# A good Read on some Mistakes we Make



## v-john (Jan 27, 2013)

A lot of times we make mistakes with our dogs that we don't even know we are doing. 

This is a great article on some of the mistakes that owners/handlers make. I thought you guys might like it as well.

http://www.sacramentodogbehavior.com/6mistakesbmod.htm

To me, timing is so very important. It is a mistake that some of us make and not realize it. Great read.


----------



## sniper john (Jun 17, 2010)

Good article. Thanks for posting. 

I got a lesson in timing when I was training Dash for Retriever Tests. I used clicker training early on with great success and did use a lot of clicker work in his retrieve, hold and give training. But during early training for Retriever tests I had abandoned the clicker and was verbally praising and clapping at the moment Dash got to the bumper or bird. Once he had it down and I had moved on to other things, all of a sudden on retrieves Dash started running to the bird and just standing there looking at me. After some frustration and trial and error, I figured out the only thing that would get him to pick the bird up on his own was clapping and praising him. Once I did that he would then pick the bird up and retrieve it to hand as normal. I had made a mistake with the timing of my praise and created the problem.

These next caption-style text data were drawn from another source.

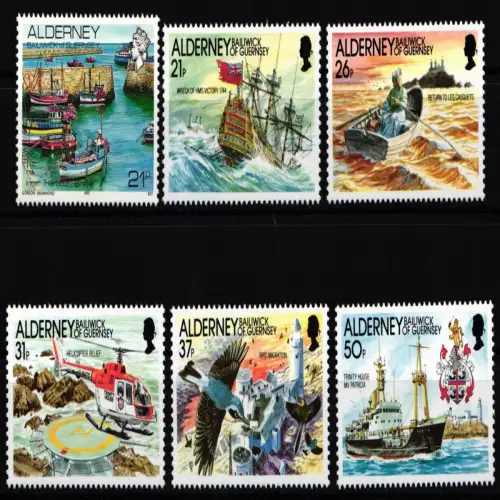Großbritannien Guernsey Alderney Jahrgang 1991 mit 48-53 postfrisch #KG593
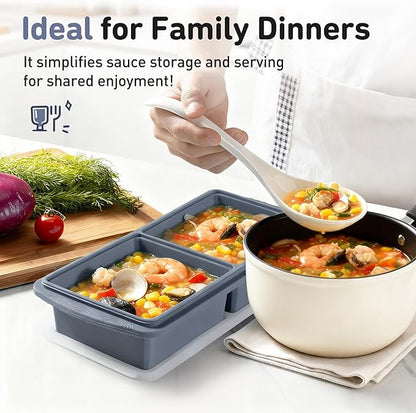 Silicone Freezer Tray with Lid Soup Freezer Container Molds with Steel Reinforced Rim Ice Cube Freezer Molds for Soup, Sauce, Leftovers, Homemade Meal Prep Containers Cooking Accessories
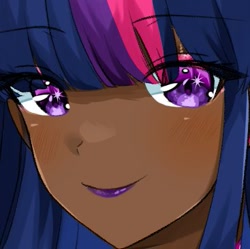 Size: 367x366 | Tagged: safe, artist:mayavtuber, derpibooru import, twilight sparkle, human, blushing, bust, close-up, cute, dark skin, eyeshadow, female, humanized, lipstick, makeup, solo, twiabetes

From early repitition and behavior shaping I created a situation where it required a praise or clap from me for assurance to pick up the bird. In the hunt test situation, I am not allowed to praise or encourage the dog until after the bird has been picked up. It was entirely my fault and he was only doing what he had inadvertently been trained to do.


----------



## texasred (Jan 29, 2012)

Great article, and a good refresher. 
Even if we have learned something before, its easy to overlook some of it later on in your dogs life.


----------



## MCD (May 4, 2013)

A very good article. I can't help but feel that sometimes I or my husband or daughter set the puppy up for failure. Especially with crate training which has never gone well. We lack consistency amongst ourselves, use the wrong words or are often just to soft in training and listening to what the dog is telling us. I believe that my successes are hers and vice versa.


----------



## jld640 (Sep 29, 2010)

Good article. Some of what was written was more familiar than I'd like to admit. : Thanks for posting.


----------